How to use Regex Based Extractor with an plain TXT file?

Hello to you all!

I have a process which needs to get a lot of information from a text file. Because there are many different fields (but also always the same ones) I want to know if there is a possibility to use the Intelligent Document Understanding techniques specially, the Regex Based Extractor.

I’ve already built my taxonomy for this kinds of txt files with all the required fields, there is also a table in text format…

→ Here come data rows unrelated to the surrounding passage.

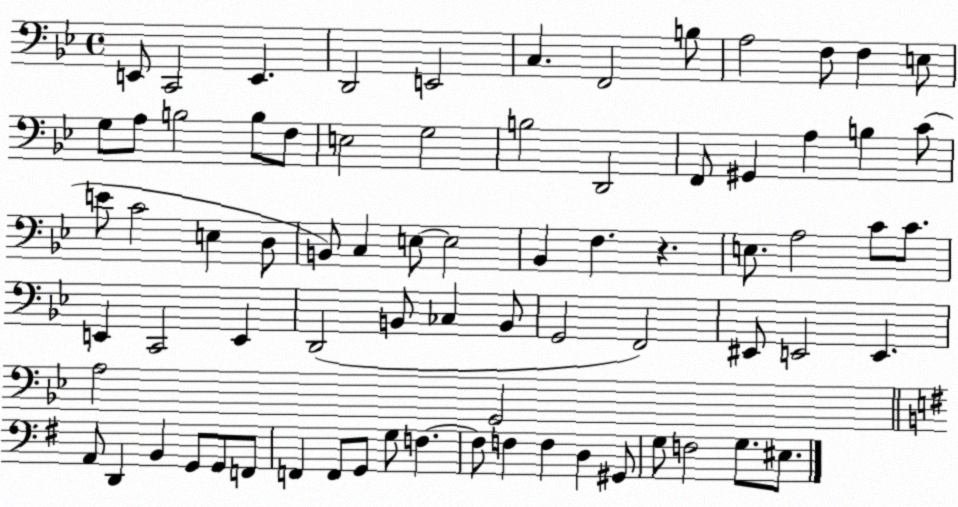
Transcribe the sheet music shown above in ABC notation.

X:1
T:Untitled
M:4/4
L:1/4
K:Bb
E,,/2 C,,2 E,, D,,2 E,,2 C, F,,2 B,/2 A,2 F,/2 F, E,/2 G,/2 A,/2 B,2 B,/2 F,/2 E,2 G,2 B,2 D,,2 F,,/2 ^G,, A, B, C/2 E/2 C2 E, D,/2 B,,/2 C, E,/2 E,2 _B,, F, z E,/2 A,2 C/2 C/2 E,, C,,2 E,, D,,2 B,,/2 _C, B,,/2 G,,2 F,,2 ^E,,/2 E,,2 E,, A,2 G,,2 A,,/2 D,, B,, G,,/2 G,,/2 F,,/2 F,, F,,/2 G,,/2 G,/2 F, F,/2 F, F, D, ^G,,/2 G,/2 F,2 G,/2 ^E,/2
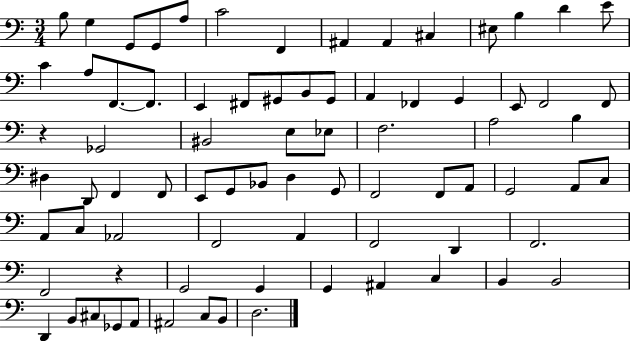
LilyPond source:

{
  \clef bass
  \numericTimeSignature
  \time 3/4
  \key c \major
  b8 g4 g,8 g,8 a8 | c'2 f,4 | ais,4 ais,4 cis4 | eis8 b4 d'4 e'8 | \break c'4 a8 f,8.~~ f,8. | e,4 fis,8 gis,8 b,8 gis,8 | a,4 fes,4 g,4 | e,8 f,2 f,8 | \break r4 ges,2 | bis,2 e8 ees8 | f2. | a2 b4 | \break dis4 d,8 f,4 f,8 | e,8 g,8 bes,8 d4 g,8 | f,2 f,8 a,8 | g,2 a,8 c8 | \break a,8 c8 aes,2 | f,2 a,4 | f,2 d,4 | f,2. | \break f,2 r4 | g,2 g,4 | g,4 ais,4 c4 | b,4 b,2 | \break d,4 b,8 cis8 ges,8 a,8 | ais,2 c8 b,8 | d2. | \bar "|."
}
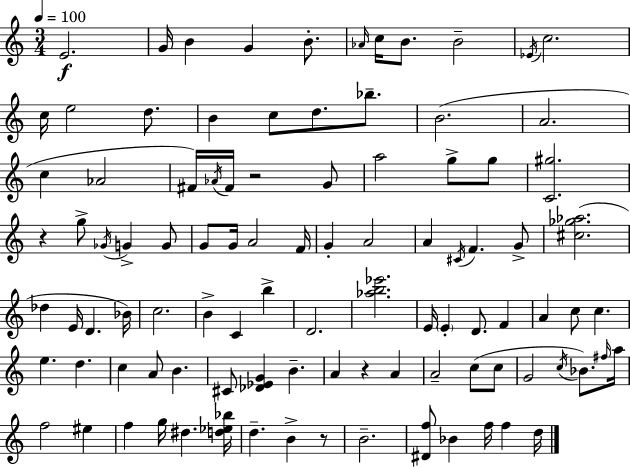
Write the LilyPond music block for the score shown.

{
  \clef treble
  \numericTimeSignature
  \time 3/4
  \key a \minor
  \tempo 4 = 100
  e'2.\f | g'16 b'4 g'4 b'8.-. | \grace { aes'16 } c''16 b'8. b'2-- | \acciaccatura { ees'16 } c''2. | \break c''16 e''2 d''8. | b'4 c''8 d''8. bes''8.-- | b'2.( | a'2. | \break c''4 aes'2 | fis'16) \acciaccatura { aes'16 } fis'16 r2 | g'8 a''2 g''8-> | g''8 <c' gis''>2. | \break r4 g''8-> \acciaccatura { ges'16 } g'4-> | g'8 g'8 g'16 a'2 | f'16 g'4-. a'2 | a'4 \acciaccatura { cis'16 } f'4. | \break g'8-> <cis'' ges'' aes''>2.( | des''4 e'16 d'4. | bes'16) c''2. | b'4-> c'4 | \break b''4-> d'2. | <aes'' b'' ees'''>2. | e'16 \parenthesize e'4-. d'8. | f'4 a'4 c''8 c''4. | \break e''4. d''4. | c''4 a'8 b'4. | cis'8 <des' ees' g'>4 b'4.-- | a'4 r4 | \break a'4 a'2-- | c''8( c''8 g'2 | \acciaccatura { c''16 }) bes'8. \grace { fis''16 } a''16 f''2 | eis''4 f''4 g''16 | \break dis''4. <d'' ees'' bes''>16 d''4.-- | b'4-> r8 b'2.-- | <dis' f''>8 bes'4 | f''16 f''4 d''16 \bar "|."
}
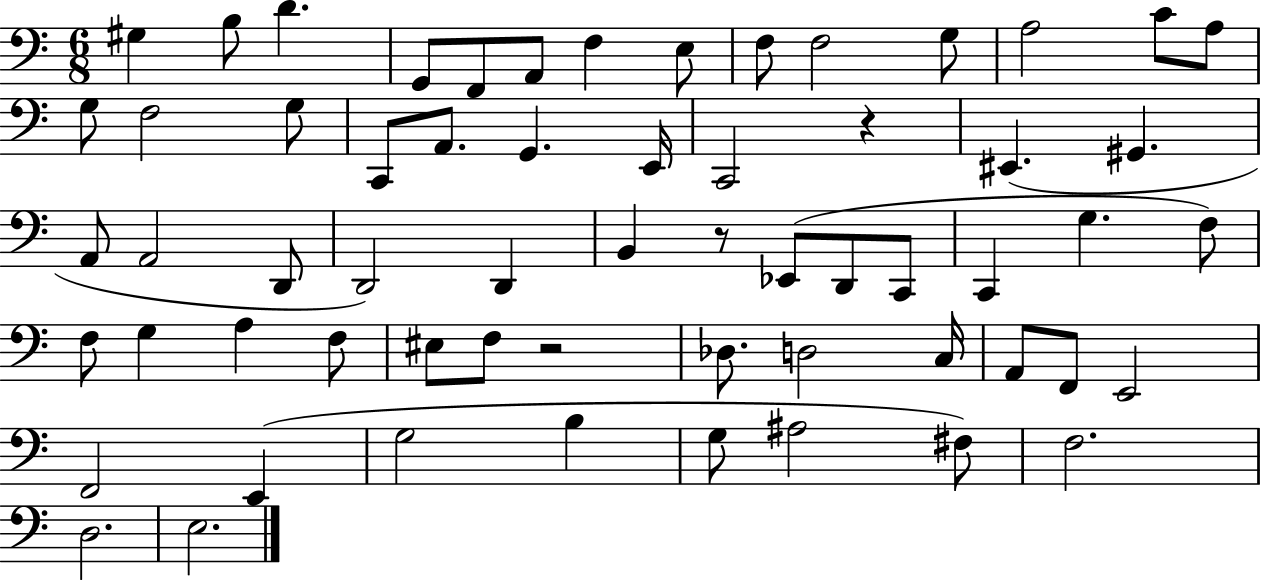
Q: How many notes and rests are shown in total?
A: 61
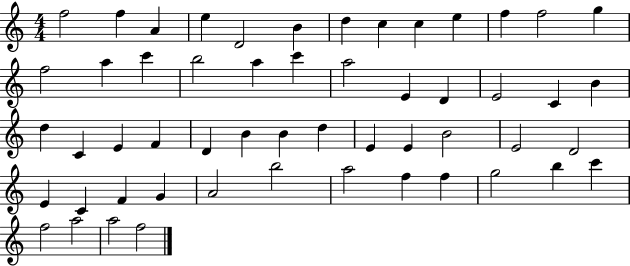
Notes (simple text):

F5/h F5/q A4/q E5/q D4/h B4/q D5/q C5/q C5/q E5/q F5/q F5/h G5/q F5/h A5/q C6/q B5/h A5/q C6/q A5/h E4/q D4/q E4/h C4/q B4/q D5/q C4/q E4/q F4/q D4/q B4/q B4/q D5/q E4/q E4/q B4/h E4/h D4/h E4/q C4/q F4/q G4/q A4/h B5/h A5/h F5/q F5/q G5/h B5/q C6/q F5/h A5/h A5/h F5/h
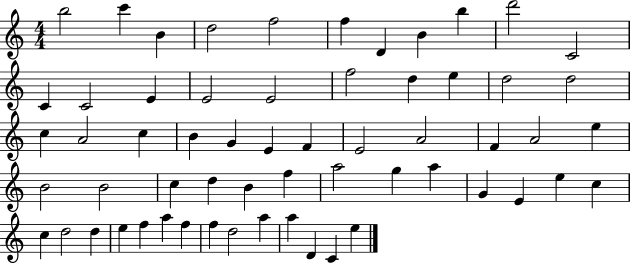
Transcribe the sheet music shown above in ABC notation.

X:1
T:Untitled
M:4/4
L:1/4
K:C
b2 c' B d2 f2 f D B b d'2 C2 C C2 E E2 E2 f2 d e d2 d2 c A2 c B G E F E2 A2 F A2 e B2 B2 c d B f a2 g a G E e c c d2 d e f a f f d2 a a D C e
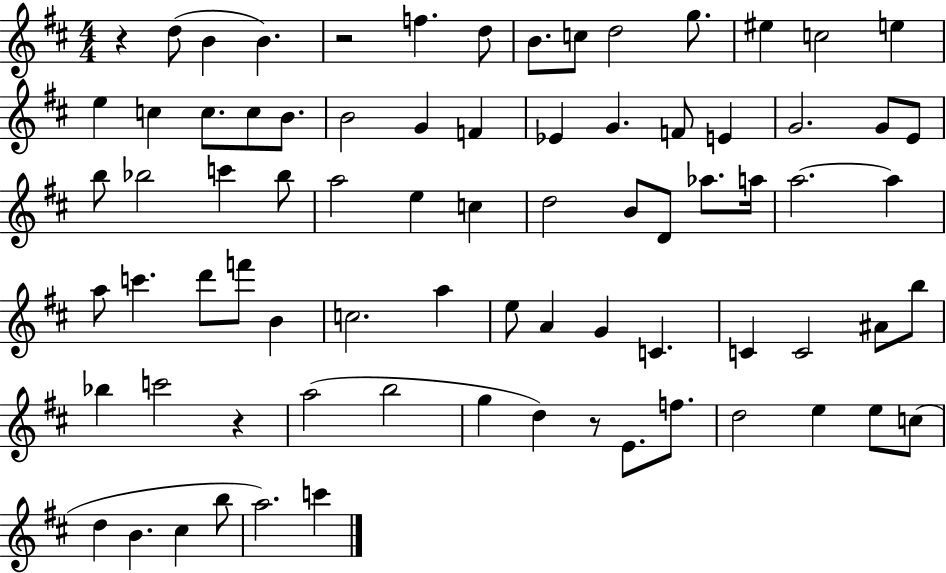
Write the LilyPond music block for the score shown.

{
  \clef treble
  \numericTimeSignature
  \time 4/4
  \key d \major
  \repeat volta 2 { r4 d''8( b'4 b'4.) | r2 f''4. d''8 | b'8. c''8 d''2 g''8. | eis''4 c''2 e''4 | \break e''4 c''4 c''8. c''8 b'8. | b'2 g'4 f'4 | ees'4 g'4. f'8 e'4 | g'2. g'8 e'8 | \break b''8 bes''2 c'''4 bes''8 | a''2 e''4 c''4 | d''2 b'8 d'8 aes''8. a''16 | a''2.~~ a''4 | \break a''8 c'''4. d'''8 f'''8 b'4 | c''2. a''4 | e''8 a'4 g'4 c'4. | c'4 c'2 ais'8 b''8 | \break bes''4 c'''2 r4 | a''2( b''2 | g''4 d''4) r8 e'8. f''8. | d''2 e''4 e''8 c''8( | \break d''4 b'4. cis''4 b''8 | a''2.) c'''4 | } \bar "|."
}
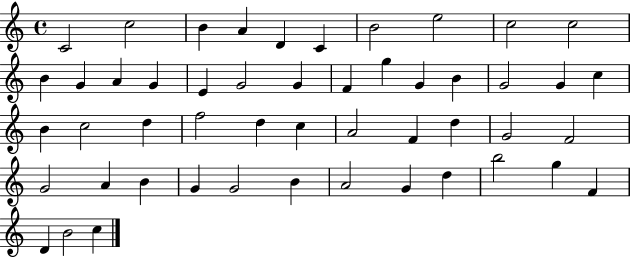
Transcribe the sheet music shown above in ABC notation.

X:1
T:Untitled
M:4/4
L:1/4
K:C
C2 c2 B A D C B2 e2 c2 c2 B G A G E G2 G F g G B G2 G c B c2 d f2 d c A2 F d G2 F2 G2 A B G G2 B A2 G d b2 g F D B2 c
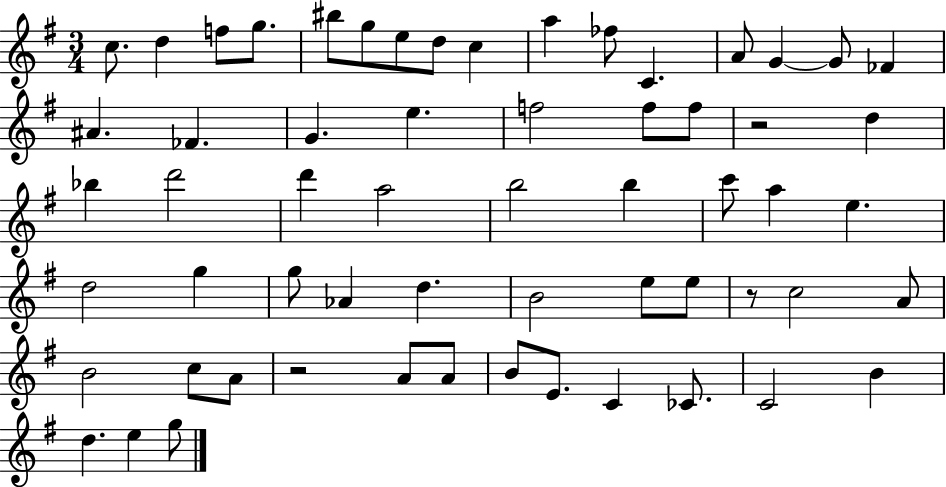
C5/e. D5/q F5/e G5/e. BIS5/e G5/e E5/e D5/e C5/q A5/q FES5/e C4/q. A4/e G4/q G4/e FES4/q A#4/q. FES4/q. G4/q. E5/q. F5/h F5/e F5/e R/h D5/q Bb5/q D6/h D6/q A5/h B5/h B5/q C6/e A5/q E5/q. D5/h G5/q G5/e Ab4/q D5/q. B4/h E5/e E5/e R/e C5/h A4/e B4/h C5/e A4/e R/h A4/e A4/e B4/e E4/e. C4/q CES4/e. C4/h B4/q D5/q. E5/q G5/e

Now, if I use the basic activities and setup as in an image file, the activity “Digitalize document” will fail if I use my txt file as input because plain text files are not allowed.

The only thing I need to have to be able to use all the other activites (classifiers, data extraction scope + regex based extractor) would be to have the document object model set up, like if it was created by the digitalize activity.

Can you help me? Do you know any other way that I can take advantage of this extractor? I found it very useful because it will, for example, automatically split the fields accordingly with the taxonomy.

Thank you very much in advance.

Document understanding takes as input document types such as PDFs or images. After converting it to text using OCR, the Regex Extractor can be applied to extract information from the document using regular expressions.

Given that your use case starts with a .txt file, it’s not required to convert it to text and extract data using document understanding functions. You could just use the Read Text File activity to read the file into your robot, and use the Match activity to apply the regex that you want to extract the individual data points.

Hello.

Yes, you are totally right. But given that the txt file is some complex because it can have tables in it, I was hoping there is a way I can take advantage of the extractors. The only I need to do then, is to manually create the DOM, so all the activities (but the digitalize document) will be able to work with it.

Any idea how I can manually create the DOM?

I’m not sure, but either way if you want to use document understanding and the regex extractors, it also won’t help with the tables because the regex extractors can extract individual field values only, not a table.

If you have a table in a .txt file looks like you’ll have to try various string manipulation methods to extract data that you want (e.g. splitting text into arrays and treating individual elements of the array as individual cells).

Ok sir, yes are right. I think I will have to try a different approach then, thank you!